The research was presented at the Conference on Robot Learning (CoRL) on Nov. 18, titled “Learning from Demonstrations Using Signal Temporal Logic.”

The System

The quality of each demonstration is measured so that the system can learn from its successes and failures. Unlike current methods, which require at least 100 demonstrations to teach a specific task, the new system requires just a few. In an intuitive manner, the way these robots learn is similar to the way humans learn from each other. For example, humans watch and learn from others completing tasks successfully or imperfectly.

Aniruddh Puranic is the lead author of the research and a Ph.D. student in computer science at the USC Viterbi School of Engineering.

“Many machine learning and reinforcement learning systems require large amounts of data and hundreds of demonstrations – you need a human to demonstrate over and over again, which is not feasible,” said Puranic.

“Also, most people don’t have programming knowledge to explicitly state what the robot needs to do, and a human cannot possibly demonstrate everything that a robot needs to know,” he continued. “What if the robot encounters something it hasn’t seen before?

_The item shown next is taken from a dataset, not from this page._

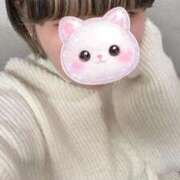 ヒメ日記 2026/04/10 13:31 投稿 ゆき ホテピン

This is a key challenge.”

The researchers utilized “signal temporal logic” or STL to determine the quality of the demonstrations, ranking them accordingly and creating inherent rewards.

There are two main reasons the researchers decided on STL:

  1. By learning through demonstrations, robots can pick up imperfections or even unsafe behaviors and undesirable actions.
  2. Demonstrations can differ in quality depending on the user providing them, and some demonstrations are better indicators of desired behavior than others.

By developing the system in this way, the robot can still learn from the imperfect demonstrations, even if they don’t meet logic requirements. In other words, it makes its own conclusion about accuracy or success.

Stefanos Nikolaidis is a co-author and a USC Viterbi assistant professor of computer science.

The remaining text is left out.